Franklin D. Roosevelt and Winston Churchill at the Casablanca Conference, Jan. 14-24, 1943
The first involvement of the United States in the wartime conferences between the Allied nations opposing the Axis powers actually occurred before the nation formally entered World War II. In August 1941, President Franklin Roosevelt and British Prime Minister Winston Churchill met secretly and devised an eight-point statement of war aims known as the Atlantic Charter, which included a pledge that the Allies would not accept territorial changes resulting from the war in Europe. Following the Japanese attack on Pearl Harbor, the wartime conferences focused on establishing a second front.
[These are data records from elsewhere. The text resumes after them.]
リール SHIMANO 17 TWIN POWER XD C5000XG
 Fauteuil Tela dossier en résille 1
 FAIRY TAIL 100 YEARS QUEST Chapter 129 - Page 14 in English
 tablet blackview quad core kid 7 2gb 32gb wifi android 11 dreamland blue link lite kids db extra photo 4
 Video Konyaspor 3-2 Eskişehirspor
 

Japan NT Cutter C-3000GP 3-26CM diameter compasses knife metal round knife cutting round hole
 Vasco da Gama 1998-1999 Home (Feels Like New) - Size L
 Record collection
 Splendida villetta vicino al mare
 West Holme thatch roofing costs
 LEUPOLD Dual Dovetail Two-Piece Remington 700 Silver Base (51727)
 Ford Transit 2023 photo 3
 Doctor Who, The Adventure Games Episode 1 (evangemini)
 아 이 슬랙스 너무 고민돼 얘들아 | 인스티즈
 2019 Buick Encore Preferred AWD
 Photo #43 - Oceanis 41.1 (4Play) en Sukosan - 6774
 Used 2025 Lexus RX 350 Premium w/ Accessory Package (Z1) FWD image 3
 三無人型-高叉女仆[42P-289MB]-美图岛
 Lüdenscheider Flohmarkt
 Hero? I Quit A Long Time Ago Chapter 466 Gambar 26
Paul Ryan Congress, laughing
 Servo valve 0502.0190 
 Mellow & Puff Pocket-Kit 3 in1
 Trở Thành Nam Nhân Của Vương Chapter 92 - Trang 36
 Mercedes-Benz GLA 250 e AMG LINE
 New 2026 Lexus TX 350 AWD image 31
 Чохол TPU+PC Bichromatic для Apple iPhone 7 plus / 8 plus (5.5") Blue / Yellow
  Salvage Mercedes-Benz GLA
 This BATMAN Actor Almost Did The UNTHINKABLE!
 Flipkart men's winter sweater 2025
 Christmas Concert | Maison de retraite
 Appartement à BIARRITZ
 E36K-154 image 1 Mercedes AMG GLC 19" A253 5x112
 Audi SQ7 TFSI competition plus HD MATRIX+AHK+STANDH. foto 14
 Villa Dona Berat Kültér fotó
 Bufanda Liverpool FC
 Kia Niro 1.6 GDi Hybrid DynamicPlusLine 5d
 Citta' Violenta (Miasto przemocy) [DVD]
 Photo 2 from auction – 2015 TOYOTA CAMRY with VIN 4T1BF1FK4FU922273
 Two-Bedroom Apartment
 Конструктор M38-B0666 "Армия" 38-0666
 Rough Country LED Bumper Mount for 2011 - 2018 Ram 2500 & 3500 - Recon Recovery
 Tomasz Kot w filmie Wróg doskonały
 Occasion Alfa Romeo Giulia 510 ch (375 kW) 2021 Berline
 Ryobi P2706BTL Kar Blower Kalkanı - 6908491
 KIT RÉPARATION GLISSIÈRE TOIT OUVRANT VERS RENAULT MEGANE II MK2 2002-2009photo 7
At Casablanca in January 1943, Roosevelt and Churchill agreed to fight until the Axis powers surrendered unconditionally. In a November 1943 meeting in Egypt with Chinese leader Chiang Kai-shek, Roosevelt and Churchill agreed to a pre-eminent role for China in postwar Asia. The next major wartime conference included Roosevelt, Churchill, and the leader of the Soviet Union, Joseph Stalin. Meeting at Tehran following the Cairo Conference, the “Big Three” secured confirmation on the launching of the cross-channel invasion and a promise from Stalin that the Soviet Union would eventually enter the war against Japan. In February 1945, the “Big Three” met at the former Russian czar’s summer palace in the Crimea. Yalta was the most important and by far the most controversial of the wartime meetings.